Spalding noted that the plaques will be installed on granite blocks in each of the five cemeteries in a well-traveled location where people can prayerfully reflect on the enslaved women and men buried throughout the archdiocese.

“They’re also part of our Catholic family, who embraced Christ and his redemption even while they were enslaved, and their faith never faltered,” said Spalding. “It’s a small tribute to acknowledge their existence, their sacrifice and their unwavering faith.”

Sandra Coles-Bell, the program director for the Archdiocese of Washington’s Office of Cultural Diversity and Outreach, said in an earlier interview that the blessing and placing of the memorial plaques in the Catholic cemeteries “provides the archdiocese the opportunity to recognize the sin of slavery and racism, as was done in Cardinal Wuerl’s pastoral letter, The Challenge of Racism Today, and to provide a dignity and honor to those Catholics who worked and prayed to the same God that you and I do.”

After the Mass, Bishop Campbell said the ceremony offered a way for the Church to remember those who suffered in slavery, “to recognize what happened was sinful and to say it was wrong… and to do all we can to stop racism today.”

As he processed from the altar, Cardinal Wuerl stopped to greet and embrace some African-American members of the congregation.

Afterward, Christine Tolson from St. Luke Parish in Washington said she appreciated the respect shown for “the lives of those people who came before us. That’s why I came, to remember them.”

Claudia Thorne from St. Augustine Parish praised the Church’s effort to acknowledge the sin of slavery and to work to heal society of the sin of racism, calling it “a huge step… The Church is always telling us to acknowledge our sins and seek reconciliation.”

She praised the unwavering faith of the ancestors of today’s African-American Catholics, who even while enslaved, had “unwavering faith in God.”

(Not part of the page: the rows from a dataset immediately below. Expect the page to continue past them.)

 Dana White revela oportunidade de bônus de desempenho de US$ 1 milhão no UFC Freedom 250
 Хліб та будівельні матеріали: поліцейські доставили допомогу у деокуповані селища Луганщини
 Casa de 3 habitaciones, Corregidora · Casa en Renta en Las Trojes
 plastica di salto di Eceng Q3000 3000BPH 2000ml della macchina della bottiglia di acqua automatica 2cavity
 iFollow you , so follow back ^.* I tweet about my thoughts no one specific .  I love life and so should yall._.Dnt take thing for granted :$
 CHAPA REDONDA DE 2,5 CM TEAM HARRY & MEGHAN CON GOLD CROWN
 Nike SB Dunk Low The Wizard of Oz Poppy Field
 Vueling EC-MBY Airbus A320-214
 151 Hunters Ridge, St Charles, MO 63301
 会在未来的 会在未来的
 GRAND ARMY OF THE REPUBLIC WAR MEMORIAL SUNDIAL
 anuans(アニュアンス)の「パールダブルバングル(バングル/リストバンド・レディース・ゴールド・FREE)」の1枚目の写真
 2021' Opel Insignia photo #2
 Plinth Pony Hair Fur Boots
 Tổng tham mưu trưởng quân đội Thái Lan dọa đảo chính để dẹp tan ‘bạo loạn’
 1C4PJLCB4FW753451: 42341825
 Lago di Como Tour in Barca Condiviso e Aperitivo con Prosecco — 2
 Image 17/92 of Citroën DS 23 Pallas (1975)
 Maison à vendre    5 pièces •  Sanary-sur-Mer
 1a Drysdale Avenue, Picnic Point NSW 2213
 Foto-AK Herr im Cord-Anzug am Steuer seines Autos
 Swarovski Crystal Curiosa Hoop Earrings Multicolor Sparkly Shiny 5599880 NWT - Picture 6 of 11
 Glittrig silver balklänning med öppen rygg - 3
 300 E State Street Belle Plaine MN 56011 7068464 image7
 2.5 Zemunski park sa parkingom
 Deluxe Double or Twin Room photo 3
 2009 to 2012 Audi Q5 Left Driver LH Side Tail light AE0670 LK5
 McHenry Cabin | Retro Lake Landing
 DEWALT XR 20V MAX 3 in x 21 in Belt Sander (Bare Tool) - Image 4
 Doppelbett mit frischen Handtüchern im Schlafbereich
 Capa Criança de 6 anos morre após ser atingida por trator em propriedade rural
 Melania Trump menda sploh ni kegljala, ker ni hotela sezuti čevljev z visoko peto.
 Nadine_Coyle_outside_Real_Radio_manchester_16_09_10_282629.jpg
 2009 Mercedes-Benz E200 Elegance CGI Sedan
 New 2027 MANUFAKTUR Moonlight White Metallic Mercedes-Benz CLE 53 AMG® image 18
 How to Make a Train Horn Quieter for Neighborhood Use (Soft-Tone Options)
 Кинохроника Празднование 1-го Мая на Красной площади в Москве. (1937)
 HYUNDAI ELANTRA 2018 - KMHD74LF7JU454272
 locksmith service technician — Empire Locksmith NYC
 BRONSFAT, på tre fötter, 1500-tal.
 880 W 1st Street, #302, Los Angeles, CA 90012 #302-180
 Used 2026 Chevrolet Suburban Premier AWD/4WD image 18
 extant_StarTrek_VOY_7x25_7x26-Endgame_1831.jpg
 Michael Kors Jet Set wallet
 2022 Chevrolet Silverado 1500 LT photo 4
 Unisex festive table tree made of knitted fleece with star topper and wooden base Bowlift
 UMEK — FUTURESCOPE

“We stand on their shoulders,” Thorne said.

That point was echoed by Evelyn Quander Rattley, 93, a member of St. Benedict the Moor Parish in Washington, who said, “We would not have made it if it would not have been for our ancestors and their faith. They never gave up. In spite of everything, they prayed and thanked the Lord. That is what has brought us this far today. This beautiful faith in the Lord is what sustains us.”

Thelma Adams, a member of Holy Family Parish in Hillcrest Heights who is president of Sisters of the Spirit – a group formed for African-American Catholic women 15 years ago that now has members from many different ethnic backgrounds – said it was “a milestone” for the archdiocese to “right a wrong” by recognizing the humanity and dignity of those enslaved ancestors.

“I believe they are like you and me, children of God, and they had God in them to sustain them,” she said. “…It’s just a wonderful feeling that they’re remembered, and they must be smiling down at us from heaven, to finally be recognized.”